PM promotes Lachish region as new home for Gaza evacuees

Prime Minister Ehud Olmert pledged on Tuesday to start building new homes for 400 Gaza evacuee families in the Lachish region, between Jerusalem and Beersheva within six months. "There is no limit to the area's potential," said Olmert as he visited the empty construction site in the South. "I would like, not in one year, but already within six months to come here again to see the tractors working and to breathe in the dust, to see the foundations being poured and the buildings rising," he said. "There is no reason that this will not happen." Government plans call for creating seven new communities in Lachish with approximately 4,600 housing units. About 400 of the units have been earmarked for Gaza evacuees still living in temporary homes.
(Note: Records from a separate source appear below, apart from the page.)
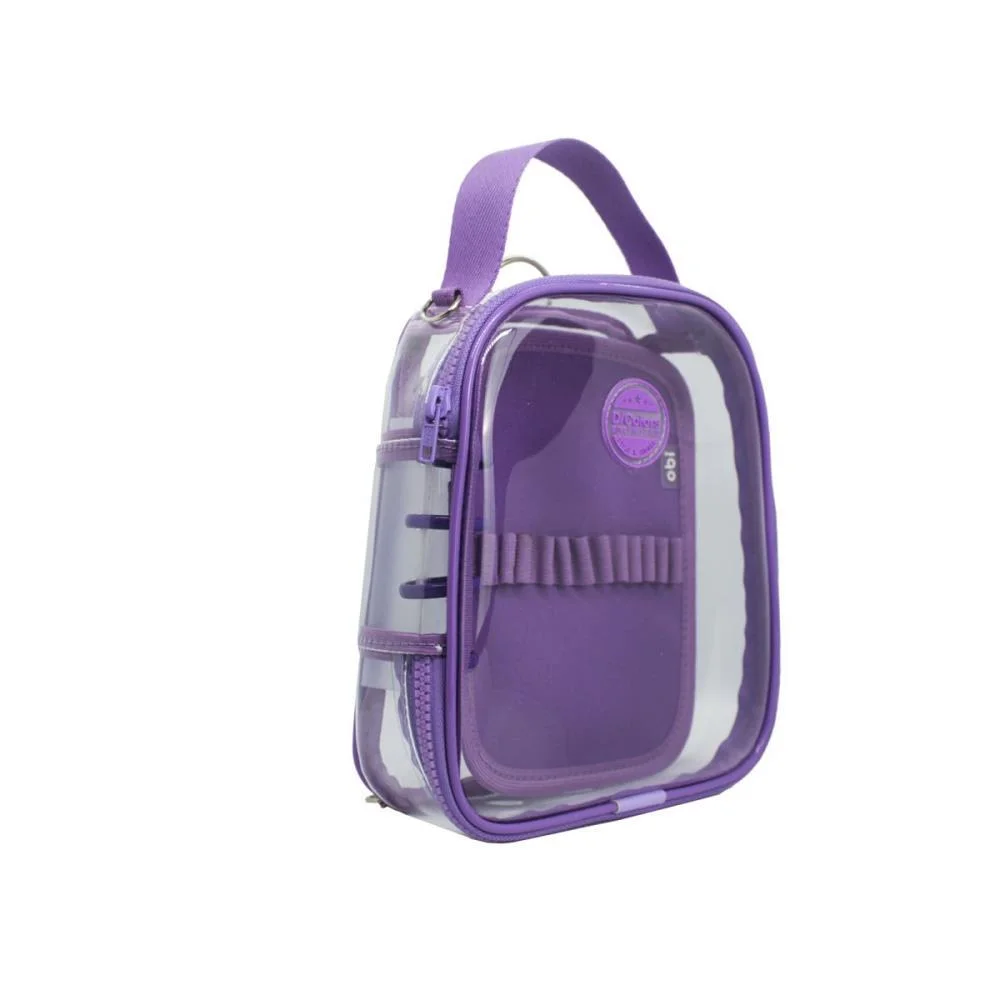 Estojo Box Versatil Cristal Lilas Obi Do Brasil (Unidade) - imagem 4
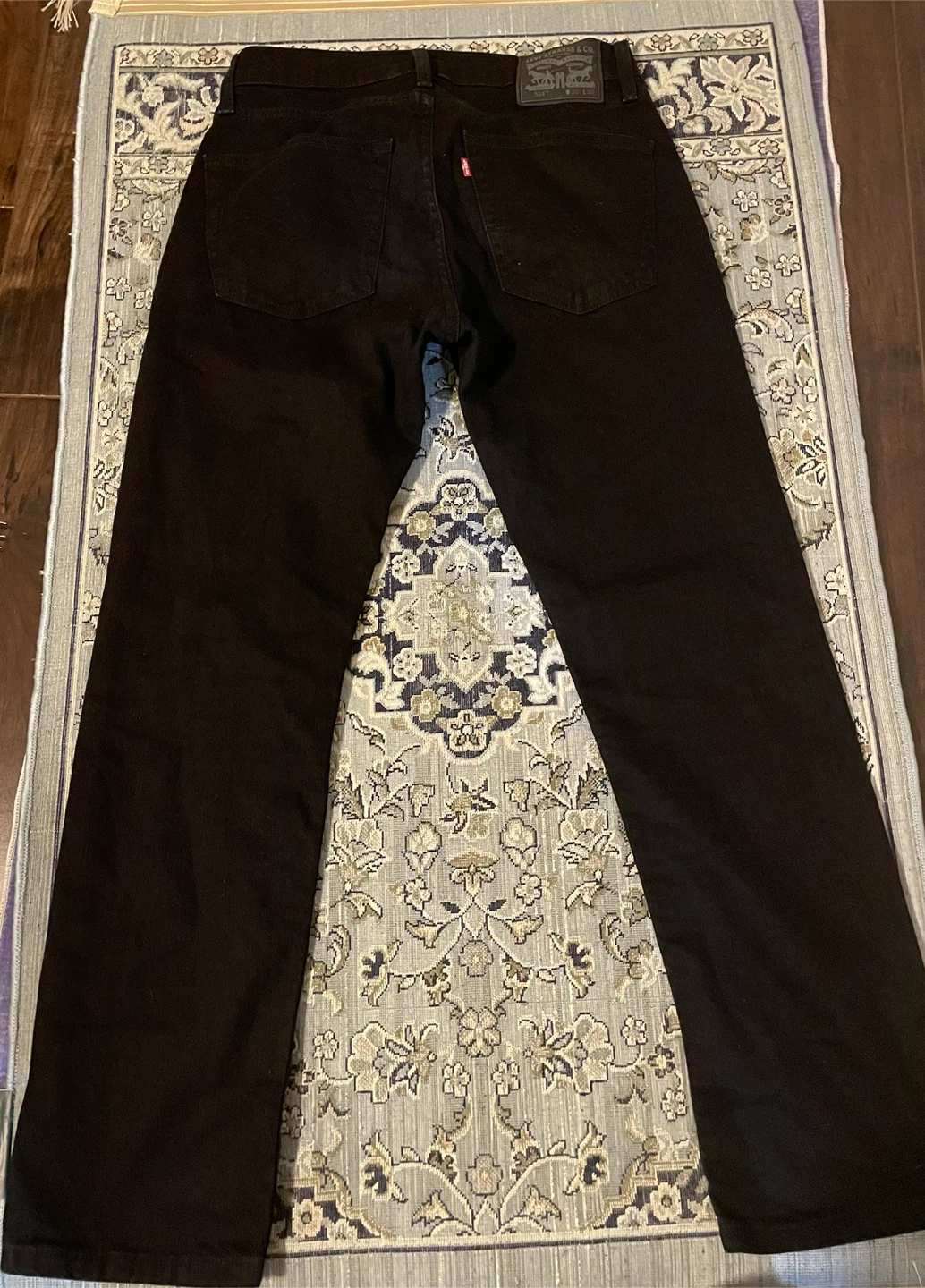 Levi's 505 Black Jeans - photo 2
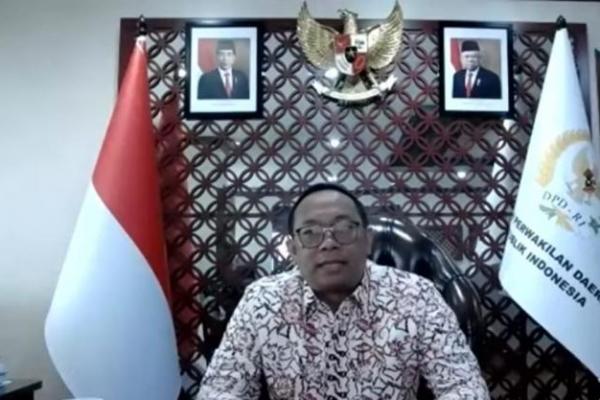DPD RI Gelar Seminar APBN dan Kemampuan Daerah di Tengah Pandemi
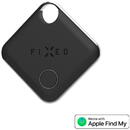 Tracker Chei, Blutooth 5.0, Find My - Fixed (FIXTAG-BK) - Black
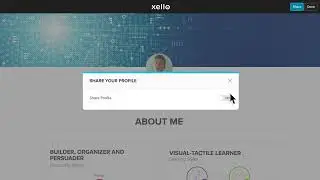 How students share their profile
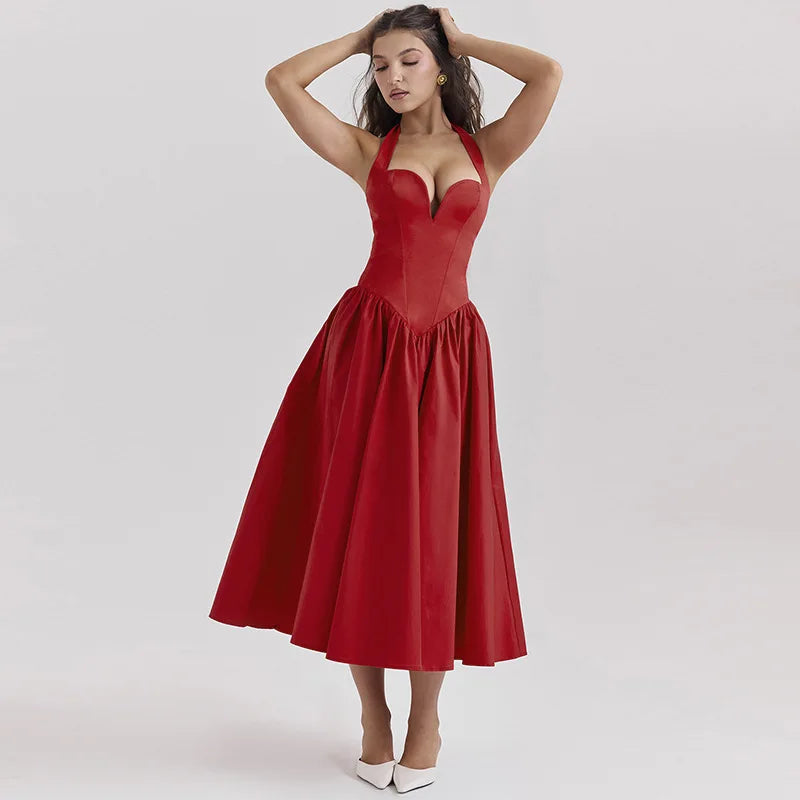 A Great Show Midi Dress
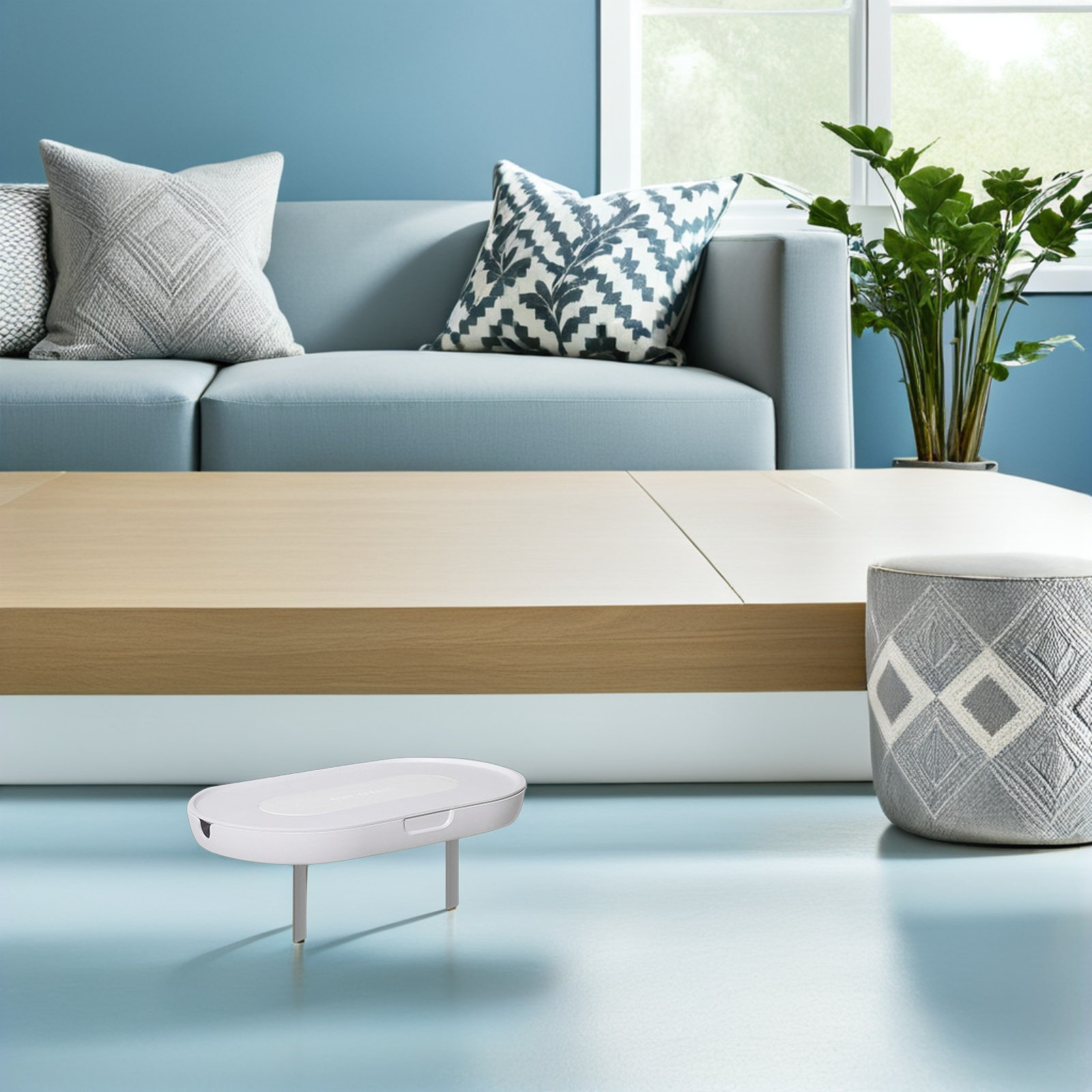 Food Storage Home - Support mural amovible en plastique pour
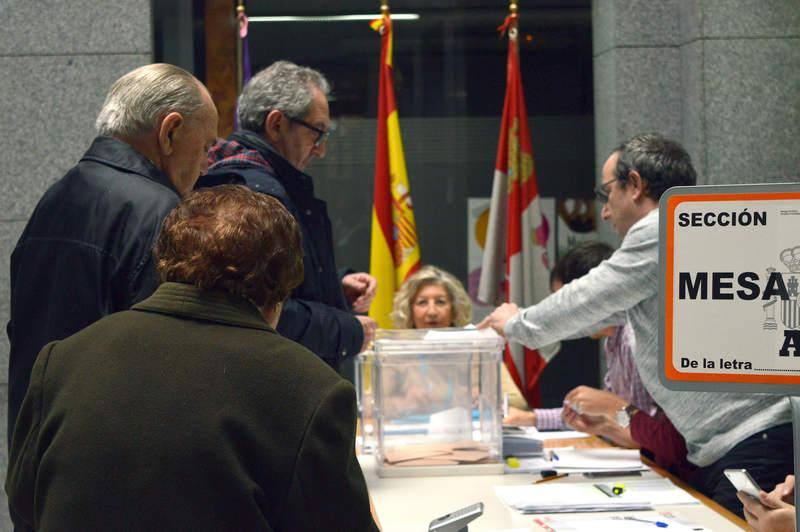 Ambiente electoral en Valladolid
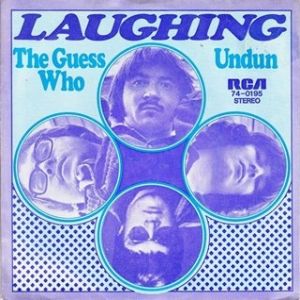 The Guess Who : Laughing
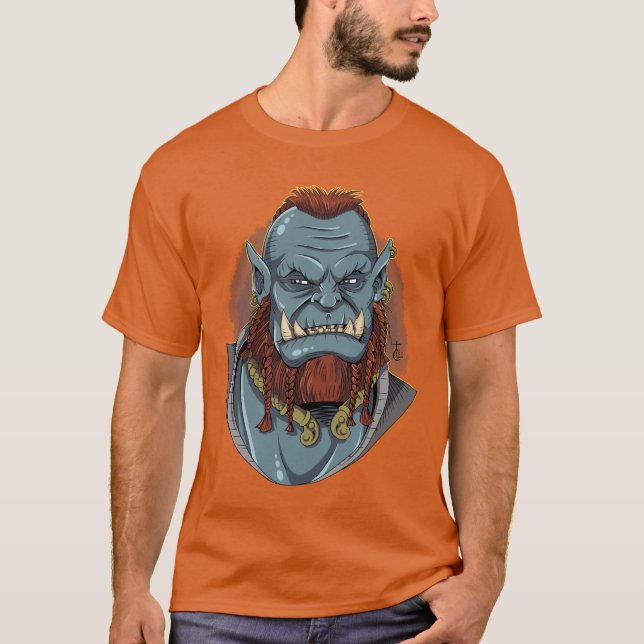 T-shirt homme Kharach (Devant)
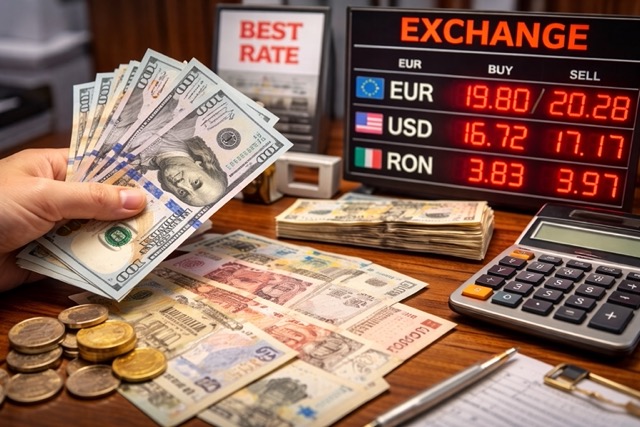 Какой курс валют в Молдове сегодня, 5 февраля 2026, и где обменять выгоднее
During Tuesday's visit, evacuees criticized the government's "foot-dragging" in building the permanent housing, 18 months after the Gaza withdrawal. Housing and Construction Minister Meir Sheetrit was also critical of the process and urged Olmert to speed up the efforts. "There is absolutely no justification for this. With all due respect, this is not the way to run things. This could have all been approved in a day," he said. The initial resettlement timetable called for all Gaza evacuees to have permanent homes within two years of the August 2005 disengagement. According to the Disengagement Authority, only about 200 of the 1,350 Gaza families who plan to build new homes have received building lots from the state. The lots in Lachish have yet to be formally assigned. Olmert promised to push the work forward as quickly as possible. "From now on the Lachish vision is the government of Israel's vision. This is one of the most beautiful and inspiring parts of the country, and perhaps it has waited for the right people," he said. He said he hoped that within 25 years, tens of thousands of people would live in the now sparsely populated Lachish area. "There are no limits on what can be done and developed here," said Olmert. He said his vision included cultural institutions, agriculture and tourism. "These [new] communities are an opportunity for us to turn the Lachish region into a national center for building up the country in the coming years," Olmert said.